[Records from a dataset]
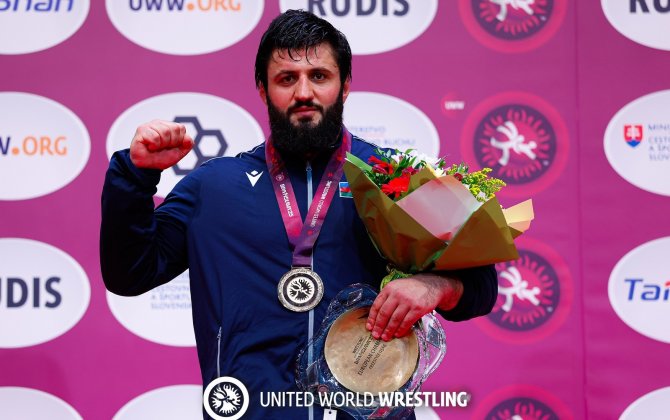 Азербайджанский борец вышел в финал чемпионата мира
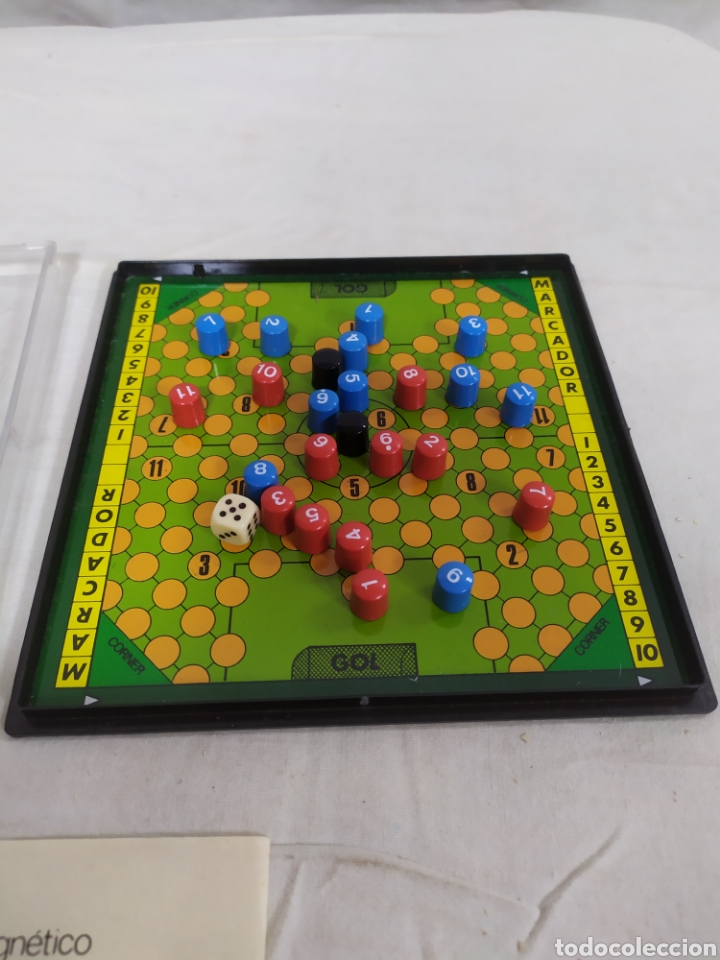 Juegos antiguos: F&uacute;tbol magn&eacute;tico de Rima - Foto 2
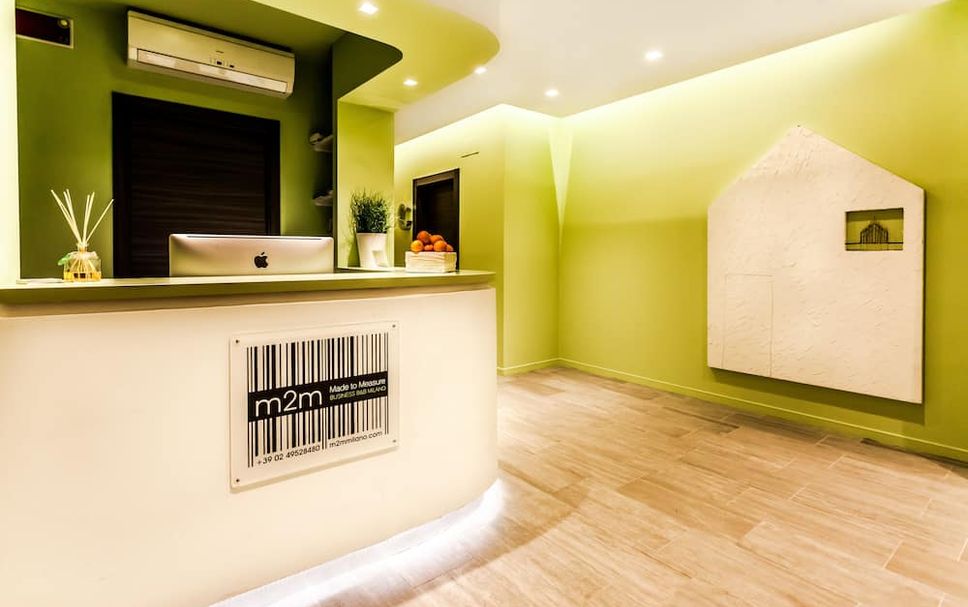 Meja Penyambut Tetamu Gambar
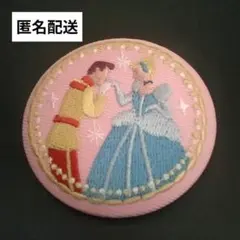 ディズニー 刺繍缶バッチ シンデレラ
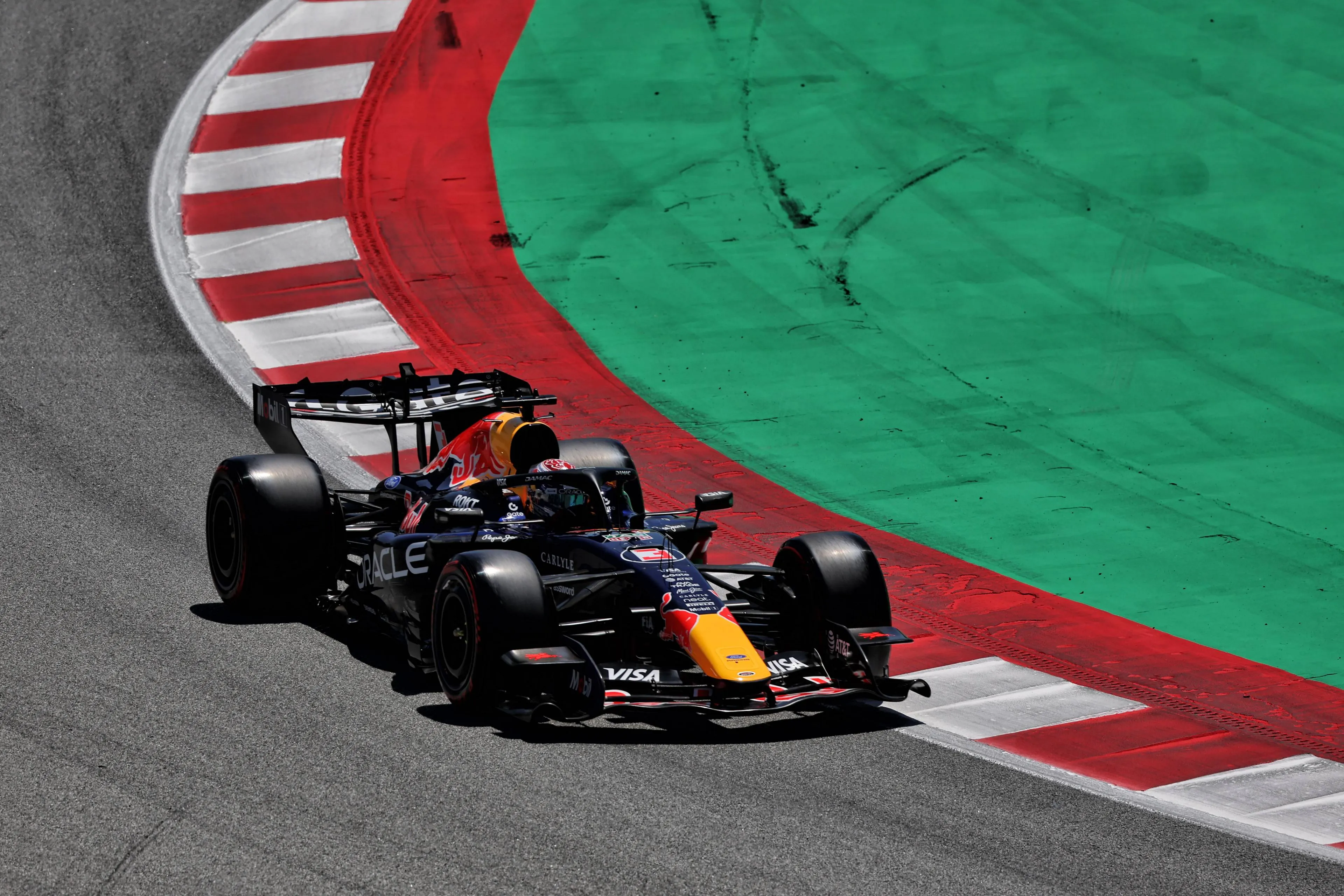 max-verstappen-barcelona-2026
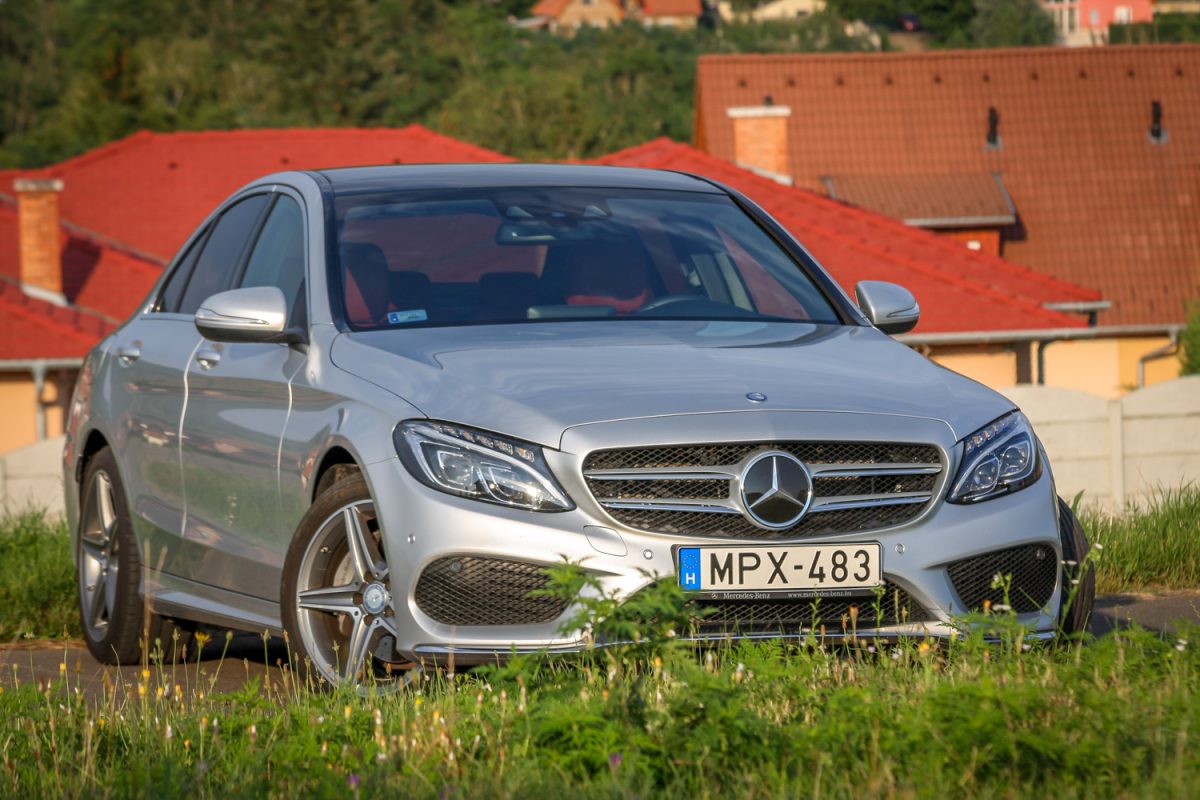 MERCEDES-BENZ C-OSZTÁLY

TO DO: When you copy the data, keep every line exact and leave out each picture.

SOLUTION TO THIS PROBLEM:
 Азербайджанский борец вышел в финал чемпионата мира
 Juegos antiguos: F&uacute;tbol magn&eacute;tico de Rima - Foto 2
 Meja Penyambut Tetamu Gambar
 ディズニー 刺繍缶バッチ シンデレラ
 max-verstappen-barcelona-2026
 MERCEDES-BENZ C-OSZTÁLY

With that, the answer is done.